Lack of patent oppositions by generic manufacturers: Shailly Gupta, the deputy head of MSF Access has highlighted the effect of the changing atmosphere in patent law with respect to generic manufacturing in India, following the judicial system being more willing to stay such manufacturing:

“‘…Courts have started granting stays, and the now generic companies no longer want to challenge originator companies holding patents”, said Gupta. Despite Make in India, she said, Indian generic firms no longer feel they can work in this atmosphere. Many have started tying up with originator companies, letting them fix the price, leading to fears of impacts on patients when pharmacies only have expensive drugs to offer.’

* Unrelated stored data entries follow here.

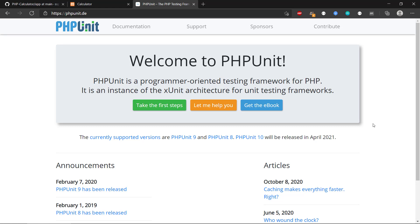Welcome to this video about PHPUnit. PHPUnit is a programmer-oriented testing framework for PHP and we can use it to do unit testing in our PHP web application. Unit testing is really important because it gives us a structured approach to testing, and we can reuse the tests we have written to verify that our program still passes.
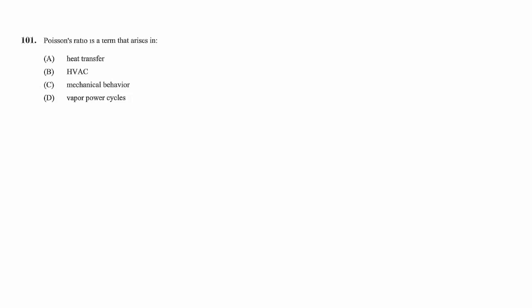Poisson's ratio is a term that arises in heat transfer, HVAC, mechanical behavior, or vapor power cycles.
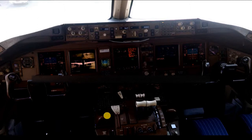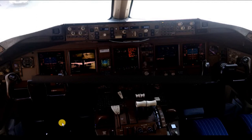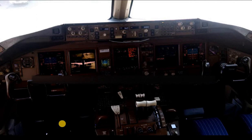Dear students, before going on to studying anything else related to the aircraft, we are going to study the interior of the aircraft — that is, the cockpit — so that before discussing different systems you must have a good knowledge about the aircraft cockpit from where we would control and observe the behavior of different systems. Let's start to study the Boeing 777 cockpit interior.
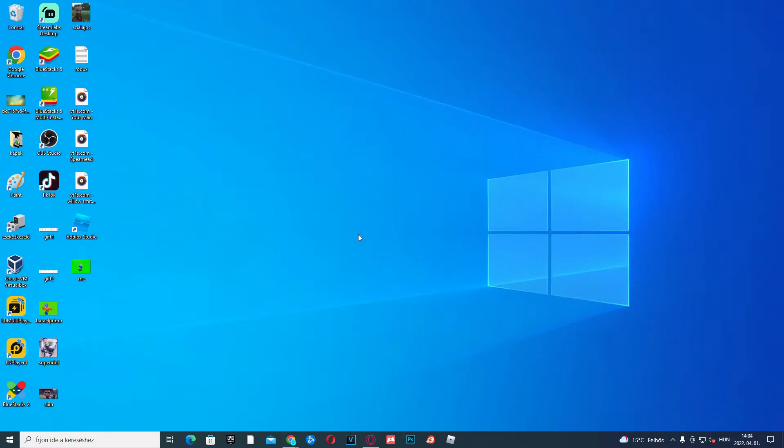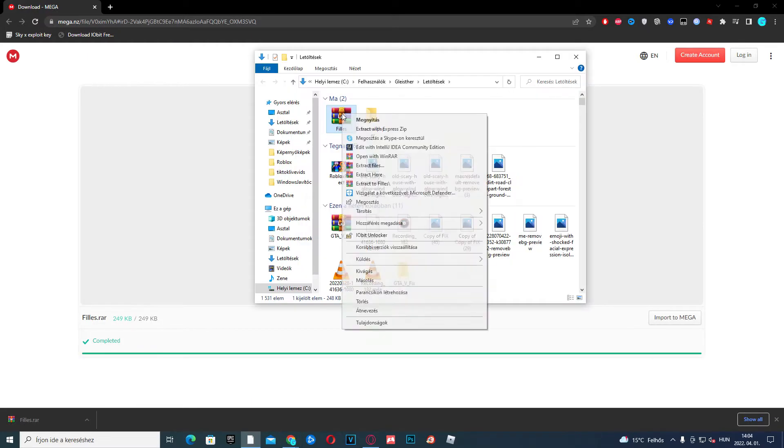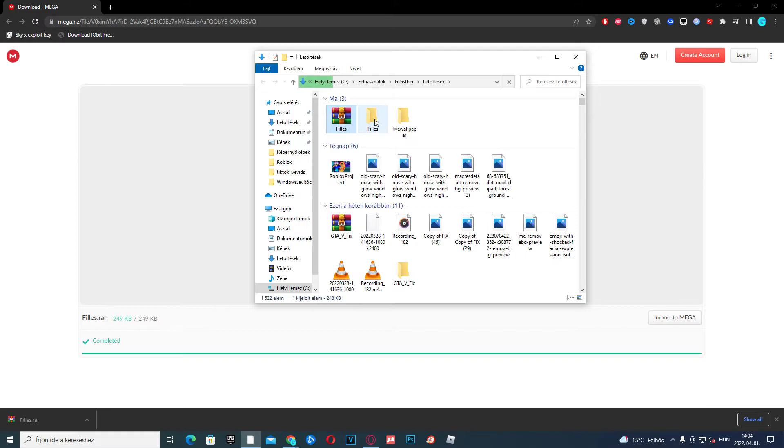Open a browser of your choice and put the link from the description below. You're gonna see a download page — click download. Once it's done, click the arrow, click show in folder, then right-click and extract.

The result of this licensing regime is that the price of such generic drugs may increase substantially, potentially making it as unaffordable as the drug or vaccine produced by the original company. More importantly, oppositions to patents in big pharma are becoming less common, allowing for non-meritorious patent applications to go unopposed, unless, of course, organisations such as MSF (with an interest in accessible medicines and vaccines) step in.

Is compulsory licensing a possible alternative in this case? India has in the past granted compulsory licenses at times when the need to ensure public access to the drug is seen as overriding the need to protect the monopoly holder’s patent. In the event that the challenge to the patent application fails, a compulsory license could ensure continuing competition in the market and increased access to medical aid, albeit with a less dramatic price reduction. However, if there is indeed a ‘chilling effect’ on generic manufacturers, as stated by MSF, which is causing them to avoid engaging with or potentially antagonising patent originators except to tie up with them, this could pose some concerns.

The larger issue of course is that it is increasingly becoming the role of civil society at large to ensure that big pharma patents are opposed, so that the market and the resulting access to affordable medical aid is not unduly and wrongfully restricted. As the public does not always possess the skilled knowledge or resources to do so, one would hope that the government recognizes the practical loophole in pharma patents today and take steps to address it.